● **WHAT THIS TASK INVOLVES**: The records below are to be reproduced exactly, and no picture should appear in the copy.

Brief descriptive captions
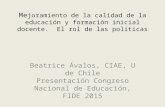 Me joramiento de la calidad de la educación y formación inicial docente. El rol de las políticas Beatrice Ávalos, CIAE, U de Chile Presentación Congreso.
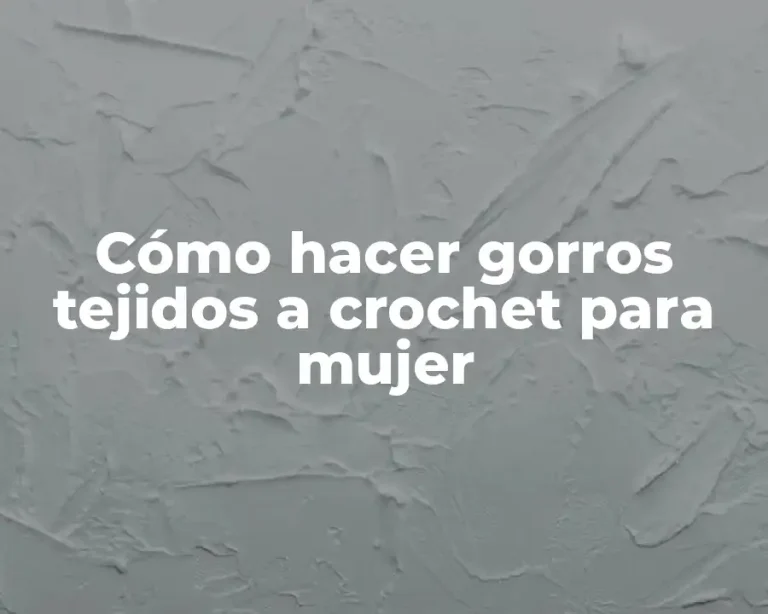 Cómo hacer gorros tejidos a crochet para mujer
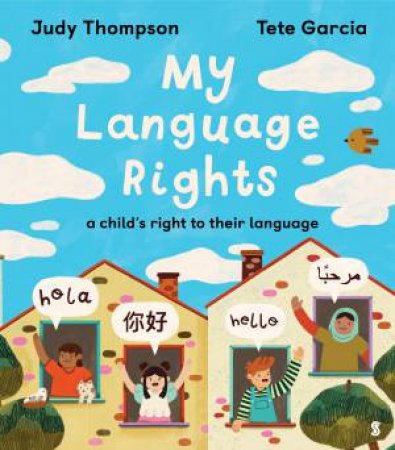 My Language Rights by Judy Thompson & Tete Garcia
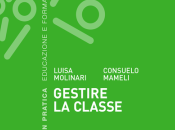 LUISA MOLINARI, CONSUELO MAMELI Gestire classe, Mulino, 2015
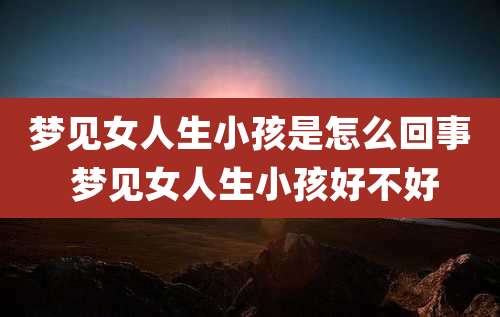 梦见女人生小孩是怎么回事 梦见女人生小孩好不好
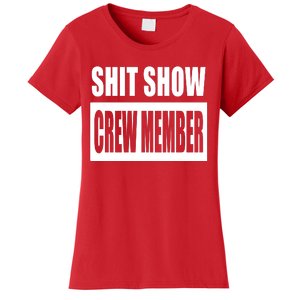 Funny Shit Show Crew Member Women's T-Shirt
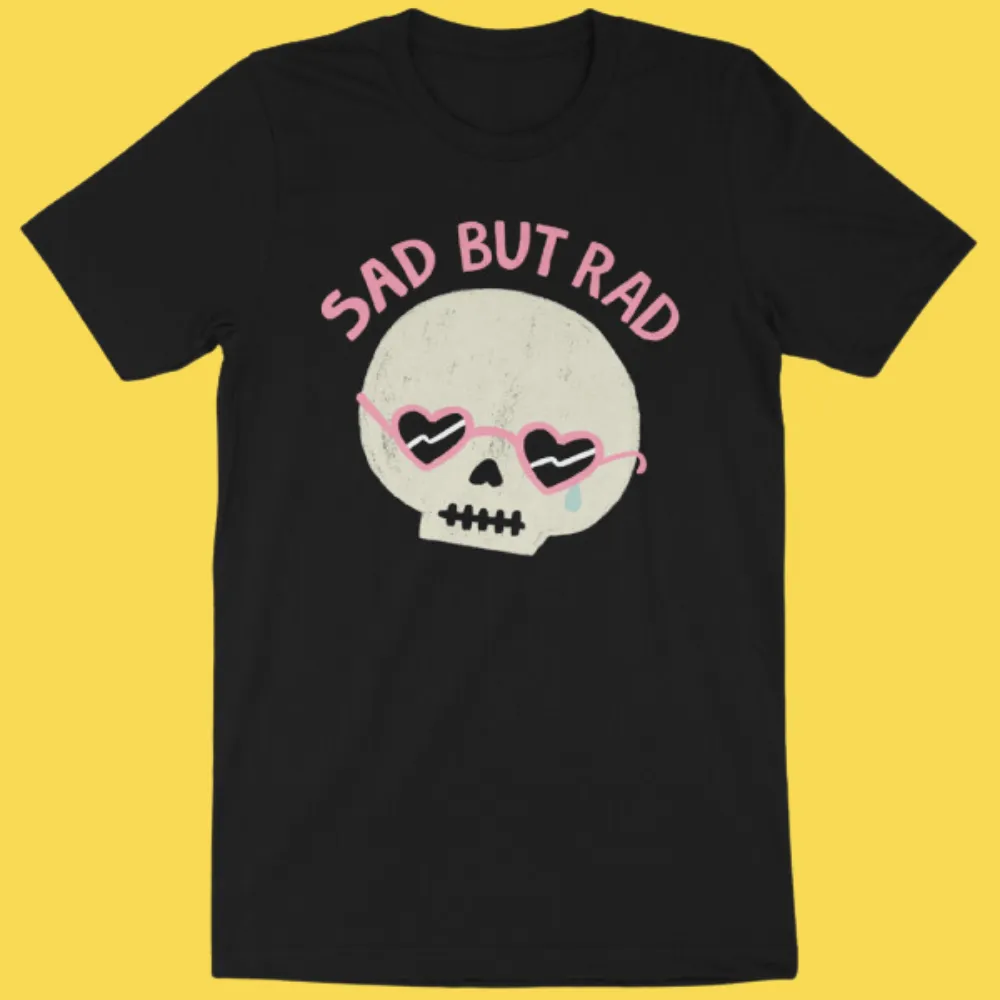 'Sad But Rad' Shirt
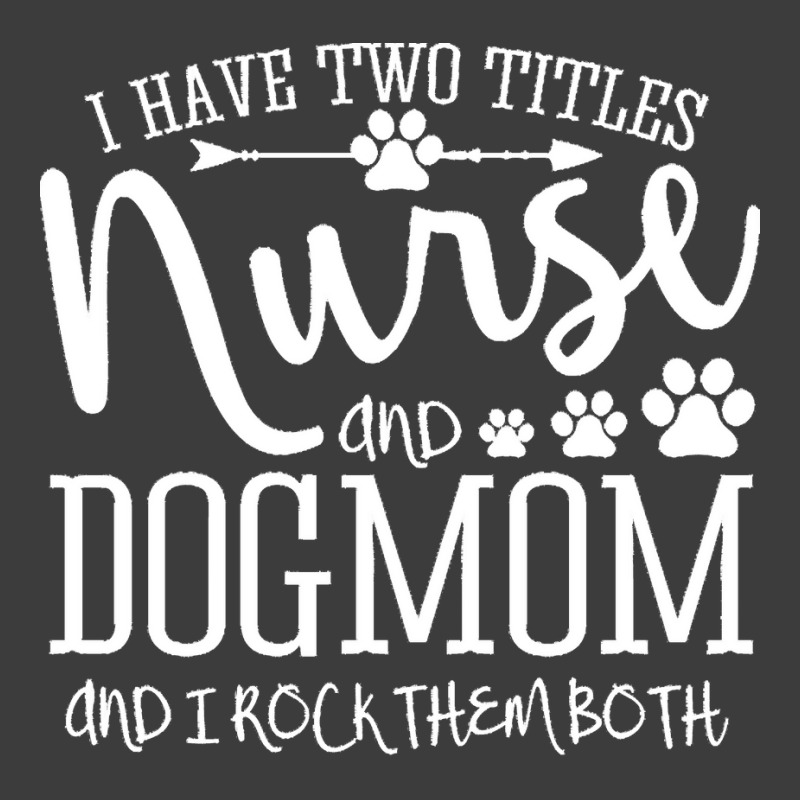 Nurse Gift Idea T  Shirt I've Two Titles Nurse And Dogmom Gift T  Shir Men's Polo Shirt by omcdermott51 | Artistshot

● **ANSWER AREA**:
 Me joramiento de la calidad de la educación y formación inicial docente. El rol de las políticas Beatrice Ávalos, CIAE, U de Chile Presentación Congreso.
 Cómo hacer gorros tejidos a crochet para mujer
 My Language Rights by Judy Thompson & Tete Garcia
 LUISA MOLINARI, CONSUELO MAMELI Gestire classe, Mulino, 2015
 梦见女人生小孩是怎么回事 梦见女人生小孩好不好
 Funny Shit Show Crew Member Women's T-Shirt
 'Sad But Rad' Shirt
 Nurse Gift Idea T  Shirt I've Two Titles Nurse And Dogmom Gift T  Shir Men's Polo Shirt by omcdermott51 | Artistshot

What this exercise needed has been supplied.